Разговор, видимо, был мирным: Гебель обнадеживал, что в столице разберутся, мечтая, конечно, чтобы дело было некрупным, так как в конечном счете командир сам отвечает за любой беспорядок в полку. Братья же, верно, испытывали кроме унижения и горечи известное чувство странного облегчения — ведь опять судьба сама распорядилась, и от них более ничего не зависит.
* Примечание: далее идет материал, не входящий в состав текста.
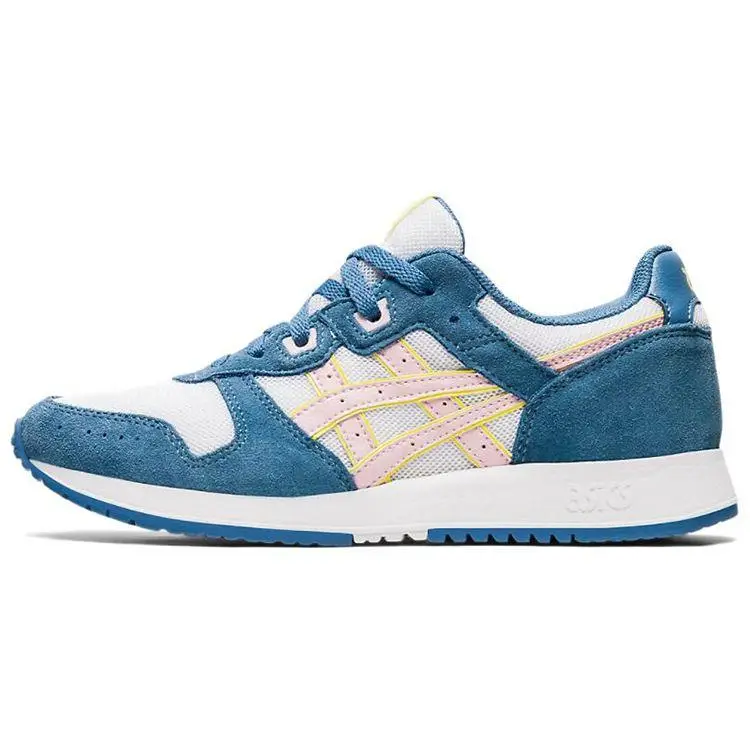 ASICS Lyte Classic Tessuto Denim Sportivo Confortevole Scarpe Lifestyle Basse Sneakers Donna Blu Bianco 1202A112-101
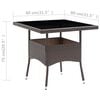 vidaXL Dining Table Brown and Black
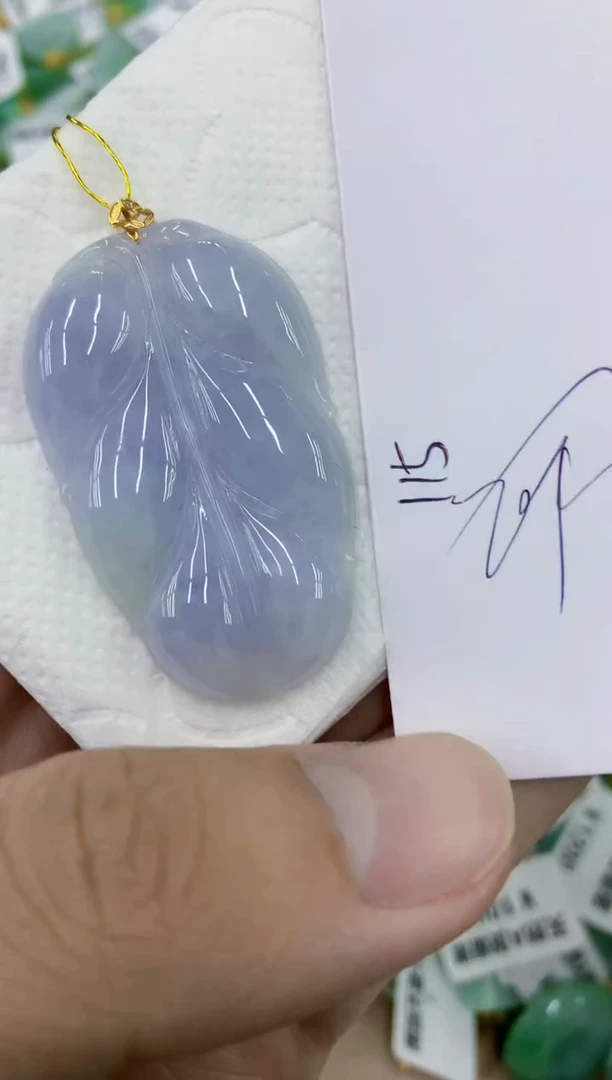 颈饰18K金镶嵌翡翠11111111111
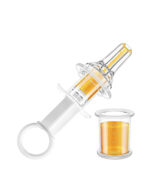 Haakaa иновативна многократна спринцовка за бебе със странично разтичане за хранене , течности , лекарства. - Image 2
Муравьевы не знали, дошла ли их записка к Кузьмину — может быть, посыльный перехвачен?
Но тут появляются свои, а Кузьмин — хозяин квартиры и храбрейший человек (два года назад он не послал вызов Матвею Муравьеву за его справедливый упрек не по робости, а из смелости!).
Одна фраза решает все:
— Что делать?
— Ничего (Матвей).
И бунту не бывать, братьев увезут в Петербург, приговор будет тяжел, но не смертелен — и биография Сергея Муравьева, Бестужева-Рюмина да, вероятно, и Пестеля пополнится сибирскими главами.
— Что делать?
Сергей: Избавить нас.
Собственно говоря, развязывающее слово говорится уже в третий раз: в Житомире (разговор с Мошинским о покушении на Константина), в Любаре (записка Соединенным славянам); но те заряды сырели, не зажигались — и дело шло к тому, что взрыва не будет.
Тут была, без сомнения, последняя попытка.
— Избавить нас.
И офицеры вышли к солдатам, которые, конечно, готовы постоять за любимого командира батальона.
Затем Щепилло видит жандарма Ланга, думает, что тот подслушал их разговор и берет ружье, стоящее в углу сеней. Однако Соловьев, махнув рукой, отводит смертельный удар.
— Оставим его в живых, лучше мы его арестуем; для нас достаточно этого.
Первое вооруженное действие — и первое воздержание. Ланг, рослый, испуганный мужчина, на коленях перед Сергеем Муравьевым, просит о пощаде по-французски.(знак принадлежности к «одной касте»). Его выводят, сажают в дом к священнику, он тут же бежит и первый извещает начальство дивизии о мятеже…
Гебель зовет жандармов и вместо этого получает от Щепиллы штыковой удар, только что не достигший Ланга. Матвей кричит: «Как вам не стыдно!»; Щепилло: «Вы не знаете этого подлеца; как он обрадовался, что велено Вашего брата арестовать!»
Гебеля тяжело ранят. Сергей Муравьев выбивает окно и хочет выскочить, следует парадоксальная сцена, смешная и печальная. Часовой Василий Доминин действует по уставу и собирается колоть бегущего арестанта. Ефрейтор Алексей Григорьев останавливает солдата пощечиной. Сергей Муравьев дает ефрейтору 25 рублей. Оба — солдат и ефрейтор — будут после в числе активнейших повстанцев.
Сергей Муравьев: «Происшествие сие решило все мои сомнения; видев ответственность, коей подвергли себя за меня четыре офицера, я положил, не отлагая времени, начать возмущение».
Судьба круто повернулась, но снова сама распорядилась: младшие офицеры уже начали, отступать бесчестно!
Пушкин, значительно менее связанный с заговором, ответит царю, что 14 декабря вышел бы на площадь — «там были мои друзья». В этой смелой фразе спрятано и некоторое самооправдание, существенное для императора: ну, если друзья — дело особое… Друзья, честь, дворянская корпоративность…
Много лет спустя историки будут рассуждать: Сергей Муравьев оправдывался, будто начал восстание случайно, побуждаемый младшими офицерами, в то время как (историки знали) он только и делал с 25-го по 29-е, что стремился зажечь где-либо огонь мятежа… Все так. Но дело в том, что Сергей Иванович не оправдывается, когда говорит об ответственности четырех офицеров: он объясняет, что толчком было не нарушение, а соблюдение чести. И стало быть, намерение его должно почитаться благородным делом, даже с точки зрения следователей.